● PROBLEM REQUIREMENTS
Every line below between the one holding "Ein weisses und" and the one holding "Happy couple spending time together on the beach Happy", inclusive, should be copied exactly, and no other line.

● EXERCISE DATA

━━━━━━━━━━━━━━━━

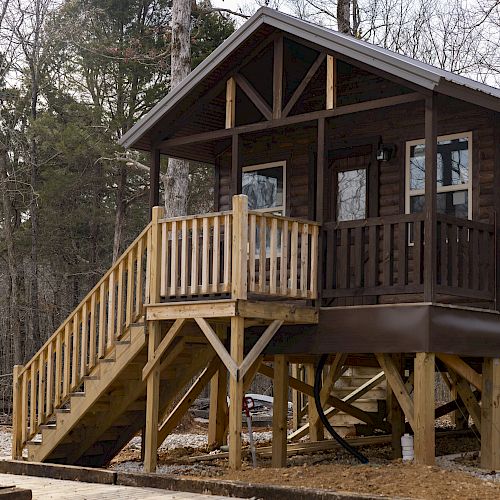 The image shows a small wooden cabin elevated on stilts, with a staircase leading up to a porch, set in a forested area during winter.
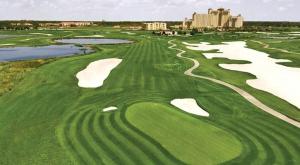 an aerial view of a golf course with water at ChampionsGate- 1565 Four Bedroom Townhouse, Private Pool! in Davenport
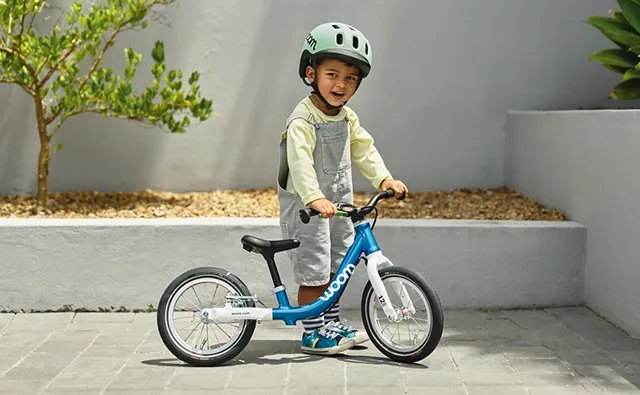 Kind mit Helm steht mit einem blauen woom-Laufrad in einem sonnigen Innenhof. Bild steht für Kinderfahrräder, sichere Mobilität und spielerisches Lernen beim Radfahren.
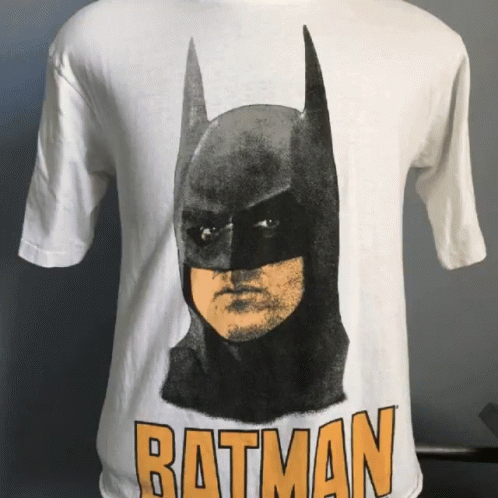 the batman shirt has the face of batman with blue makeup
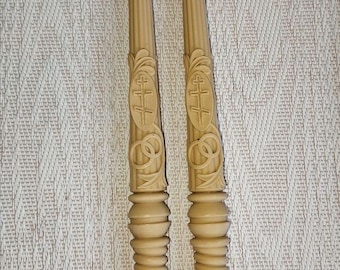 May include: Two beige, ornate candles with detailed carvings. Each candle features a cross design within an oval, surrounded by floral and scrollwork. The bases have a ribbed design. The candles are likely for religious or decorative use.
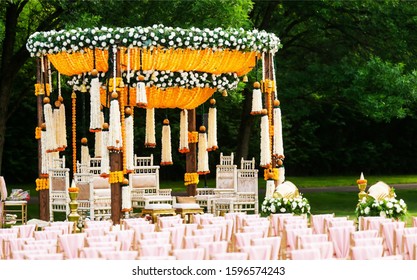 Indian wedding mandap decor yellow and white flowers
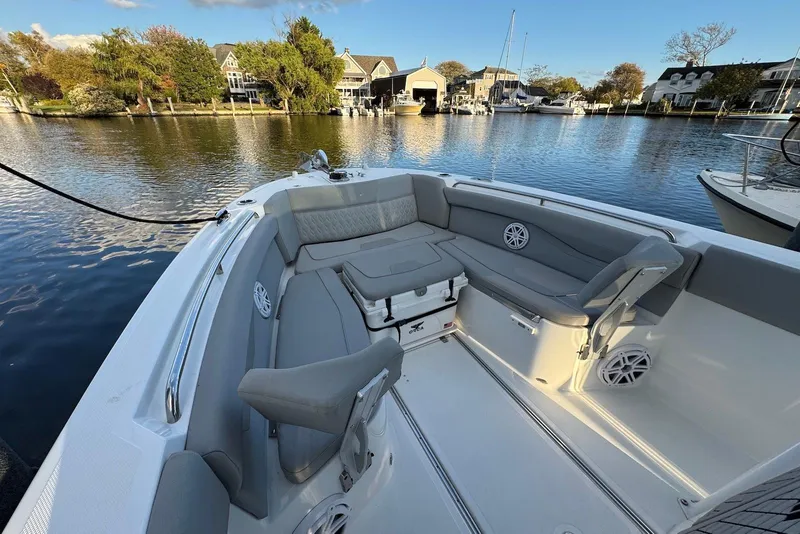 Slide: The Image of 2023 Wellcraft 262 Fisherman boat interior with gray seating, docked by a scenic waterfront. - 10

━━━━━━━━━━━━━━━━

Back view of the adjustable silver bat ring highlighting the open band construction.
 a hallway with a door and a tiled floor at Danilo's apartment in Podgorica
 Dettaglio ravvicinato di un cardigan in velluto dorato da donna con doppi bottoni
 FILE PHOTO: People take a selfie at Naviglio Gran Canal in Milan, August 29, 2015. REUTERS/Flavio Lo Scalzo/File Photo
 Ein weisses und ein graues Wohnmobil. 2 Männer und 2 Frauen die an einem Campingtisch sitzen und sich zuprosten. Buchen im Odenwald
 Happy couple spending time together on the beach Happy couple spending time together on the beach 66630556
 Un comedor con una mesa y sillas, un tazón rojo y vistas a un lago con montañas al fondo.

━━━━━━━━━━━━━━━━

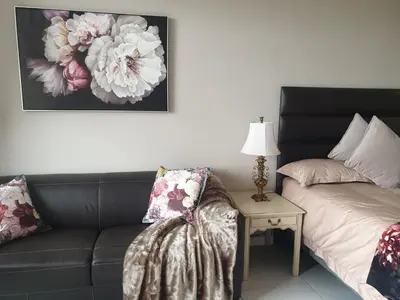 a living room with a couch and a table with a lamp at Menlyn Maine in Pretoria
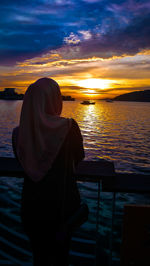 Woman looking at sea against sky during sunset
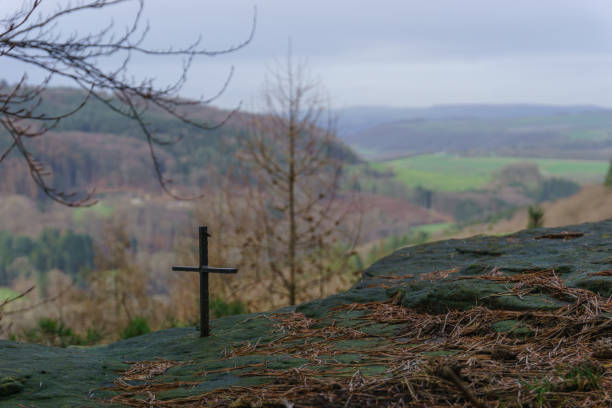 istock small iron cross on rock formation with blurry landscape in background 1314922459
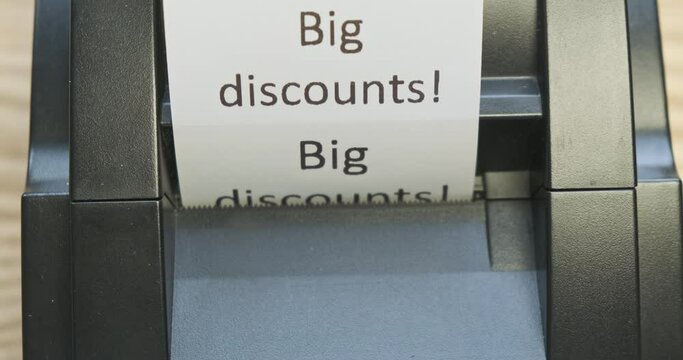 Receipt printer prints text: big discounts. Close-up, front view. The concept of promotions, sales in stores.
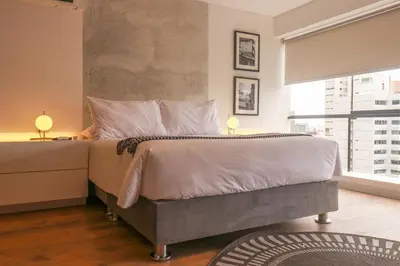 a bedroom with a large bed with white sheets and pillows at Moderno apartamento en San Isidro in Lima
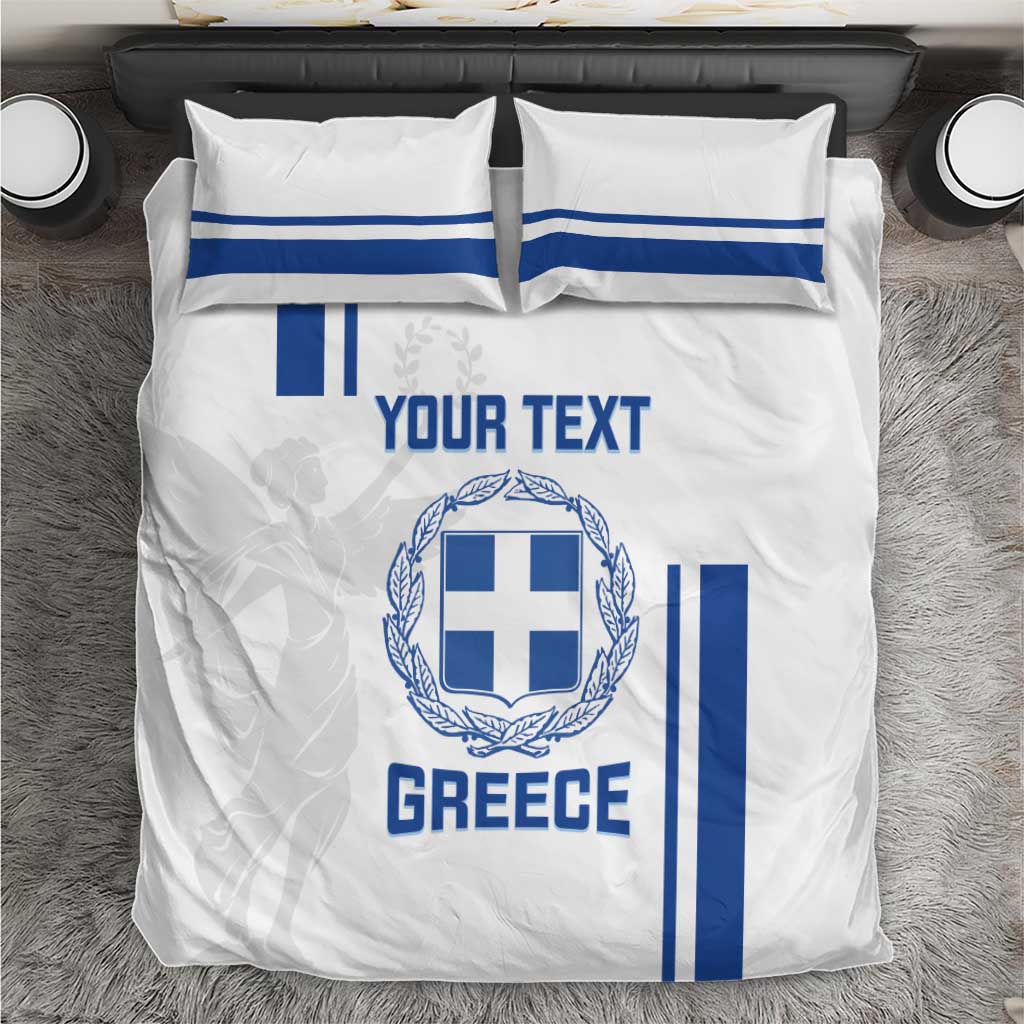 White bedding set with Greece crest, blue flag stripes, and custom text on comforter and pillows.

━━━━━━━━━━━━━━━━

● ANSWER TO THIS PROBLEM
 Ein weisses und ein graues Wohnmobil. 2 Männer und 2 Frauen die an einem Campingtisch sitzen und sich zuprosten. Buchen im Odenwald
 Happy couple spending time together on the beach Happy couple spending time together on the beach 66630556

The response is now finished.